What the task asks – What you write should match, word for word, the lines from the one containing "Central Post Office" through the end of the data, with no pictures.

Data for this exercise –
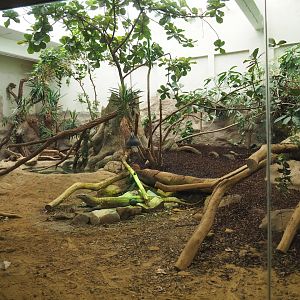 Komodo dragon exhibit, 2021-06-12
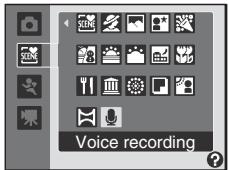 Voice recording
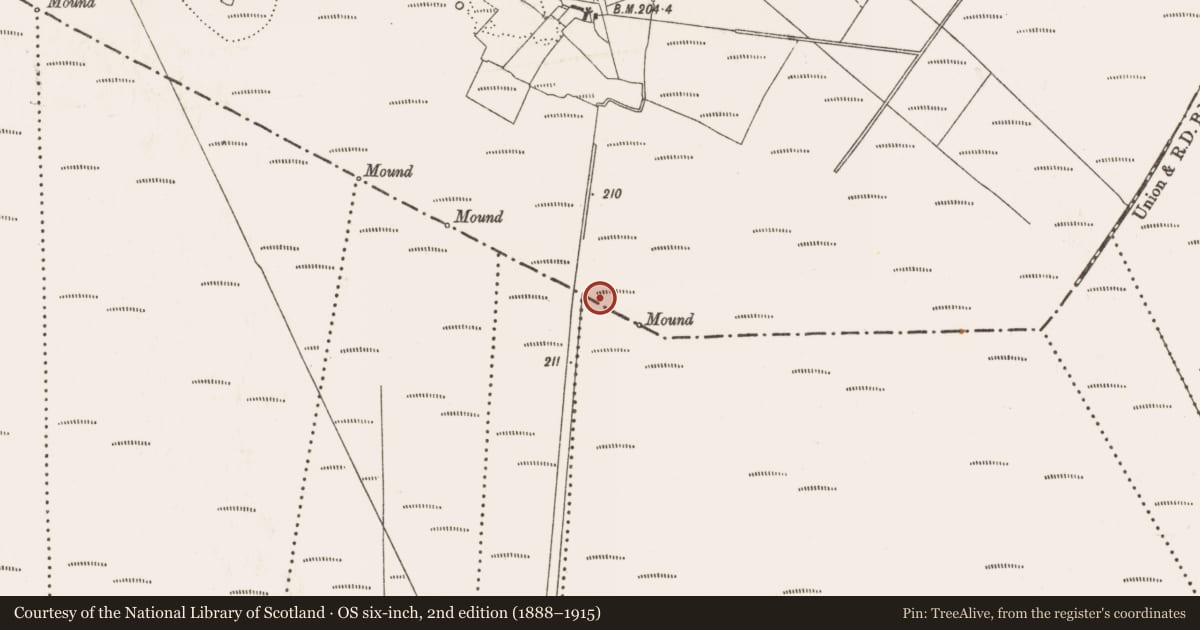Ordnance Survey six-inch map, 2nd edition (1888–1915) covering the location of Structure - peatland, Lea Beg, County Offaly, with a pin at the register's coordinates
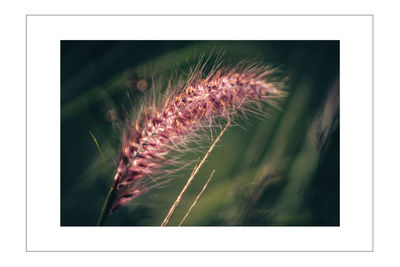 Close-up of grass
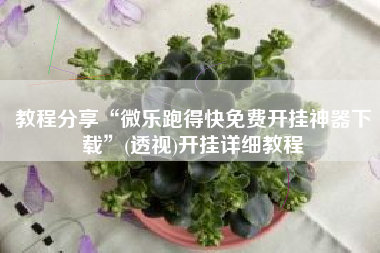 教程分享“微乐跑得快免费开挂神器下载	”(透视)开挂详细教程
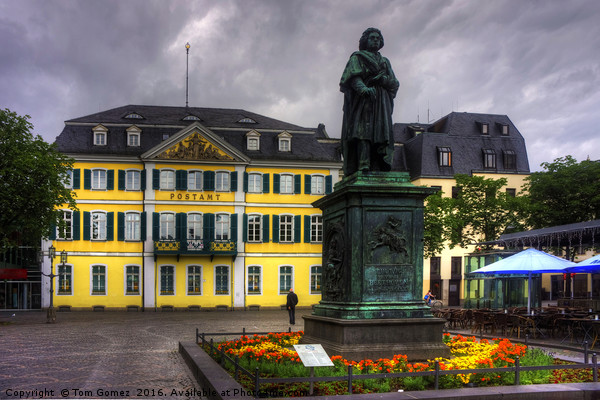 Central Post Office and Beethoven Memorial in Bonn Picture Board by Tom Gomez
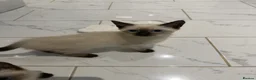 Mixed Breed cats for sale: BEAUTIFUL SIAMESE X SHORTHAIR KITTENS in London - Advert 7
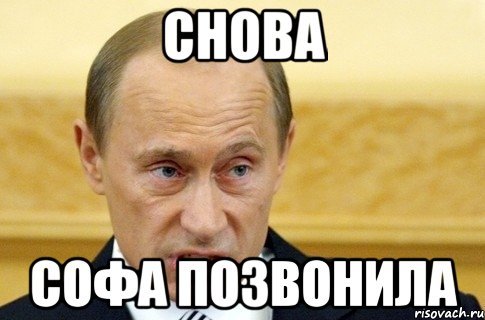 Мемы с именем софа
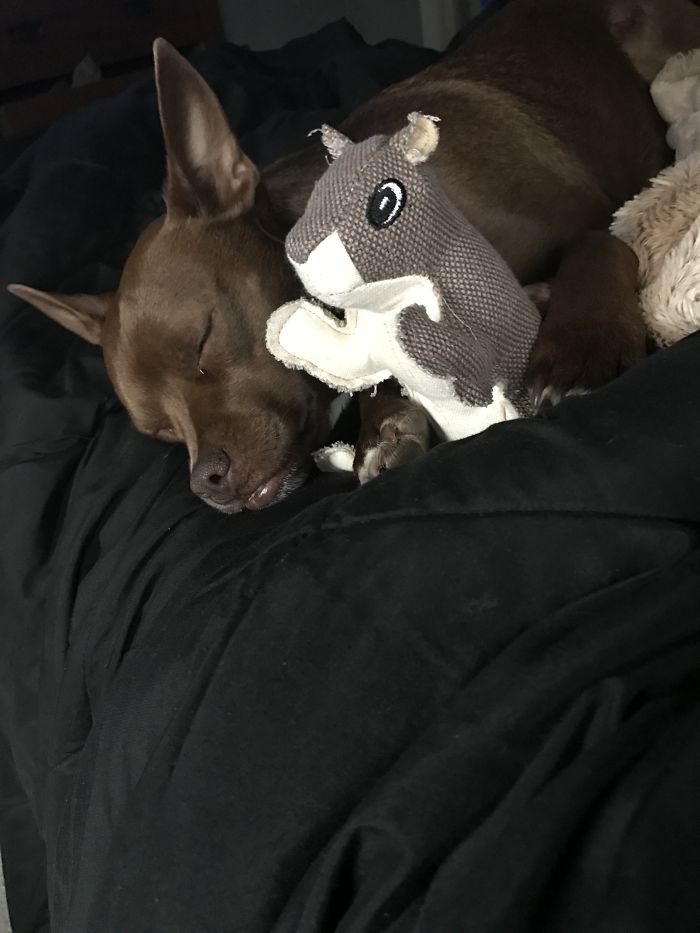 These 201 Pictures Of Adorable Pets Sleeping With Toys Will Be Too Much Cuteness For You To Take These 201 Pictures Of Adorable Pets Sleeping With Toys Will Be Too Much Cuteness For You To Take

Answer to this task –
 Central Post Office and Beethoven Memorial in Bonn Picture Board by Tom Gomez
 Mixed Breed cats for sale: BEAUTIFUL SIAMESE X SHORTHAIR KITTENS in London - Advert 7
 Мемы с именем софа
 These 201 Pictures Of Adorable Pets Sleeping With Toys Will Be Too Much Cuteness For You To Take These 201 Pictures Of Adorable Pets Sleeping With Toys Will Be Too Much Cuteness For You To Take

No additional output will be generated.